Assigned task
Take the line with "Жало для паяльника Quick QSS200-T-3C" as the first and the last line of the data as the end. Write out both and every line between exactly, except pictures.

Supplied data
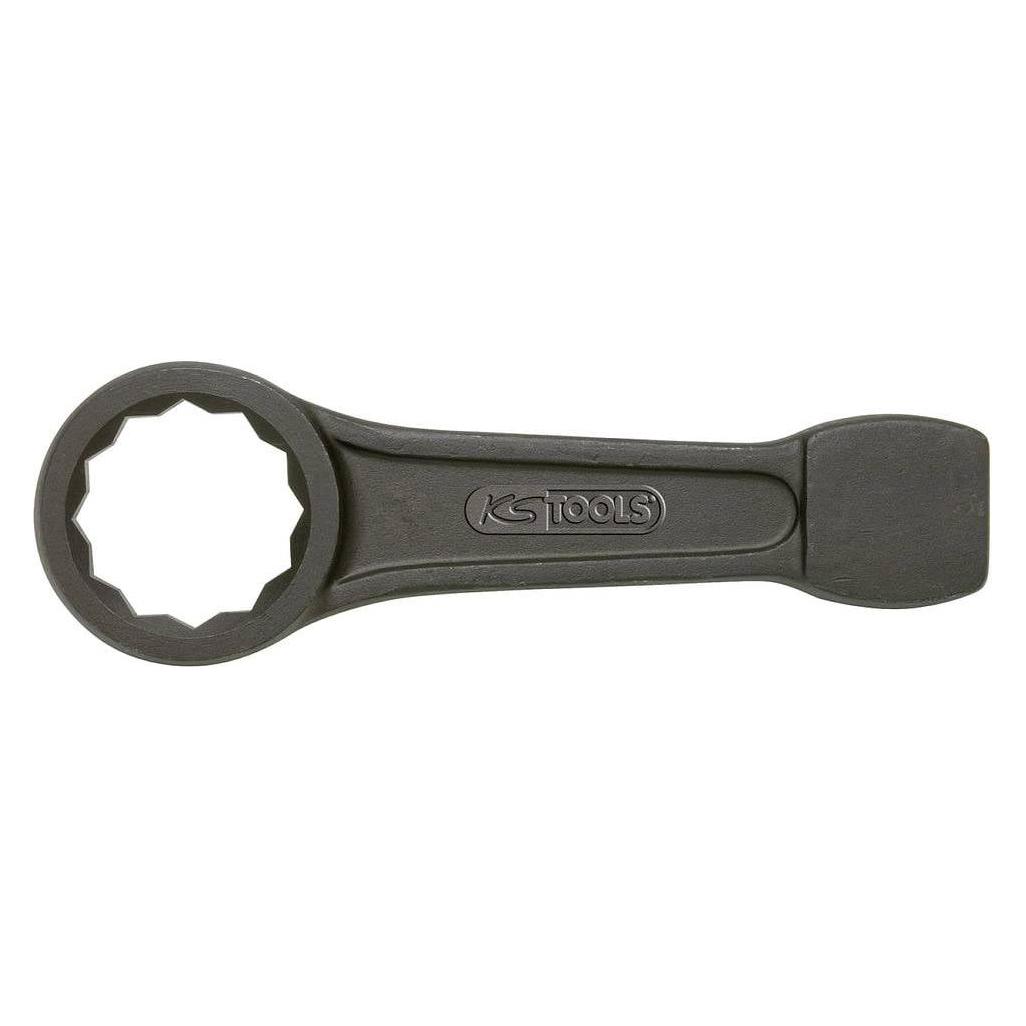 KS Tools Schlag-Ringschlüssel (1 11/16") (517.2963)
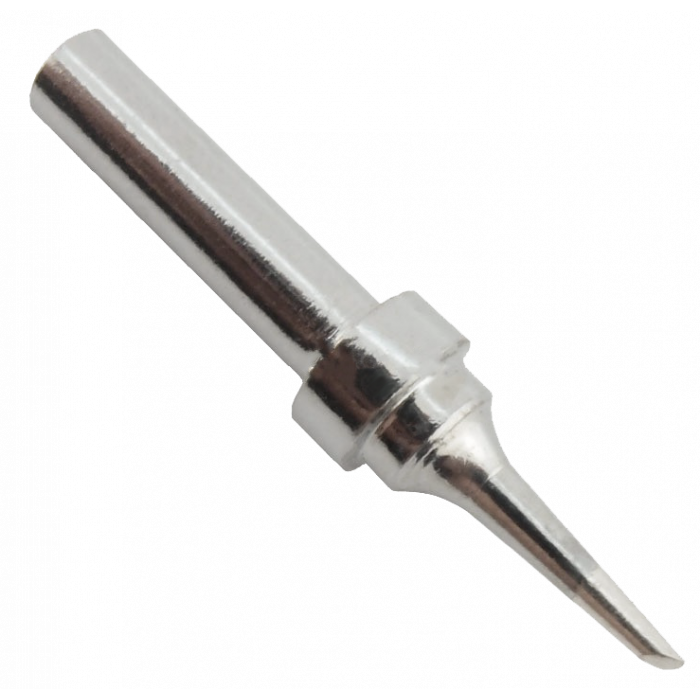 Жало для паяльника Quick QSS200-T-3C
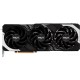 Видеокарта PALIT GeForce RTX 4080 GamingPro OC NED4080T19T2-1032A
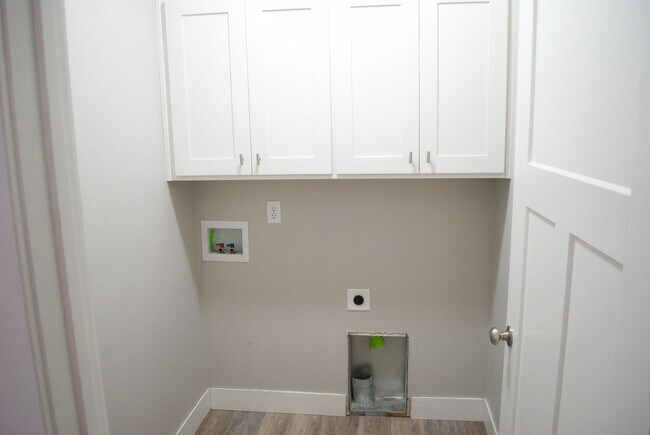 Foto del edificio - 432 Franklin St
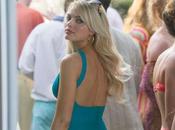 Suicide Squad: Margot Robbie Harley Quinn?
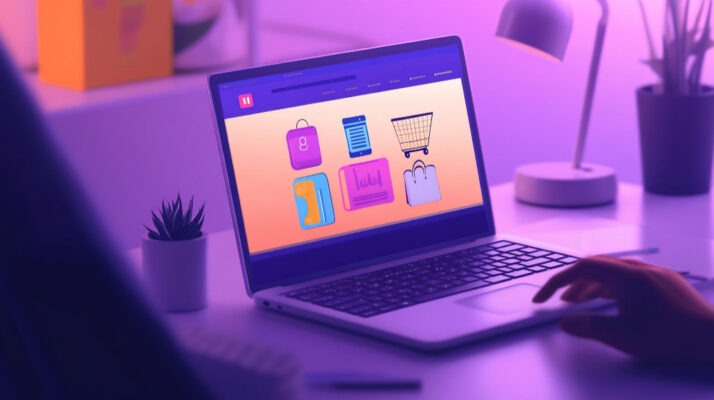 BigCommerce vs Shopify: Which E-Commerce Platform is Better for Your Online Store in 2025?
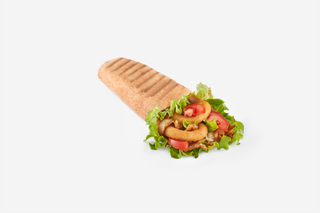 Zahir O-Rollo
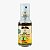 SPRAY- COMPOSTO DE MEL, PRÓPOLIS E LIMÃO  30 ML - Imagem 1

Output for this task
 Жало для паяльника Quick QSS200-T-3C
 Видеокарта PALIT GeForce RTX 4080 GamingPro OC NED4080T19T2-1032A
 Foto del edificio - 432 Franklin St
 Suicide Squad: Margot Robbie Harley Quinn?
 BigCommerce vs Shopify: Which E-Commerce Platform is Better for Your Online Store in 2025?
 Zahir O-Rollo
 SPRAY- COMPOSTO DE MEL, PRÓPOLIS E LIMÃO  30 ML - Imagem 1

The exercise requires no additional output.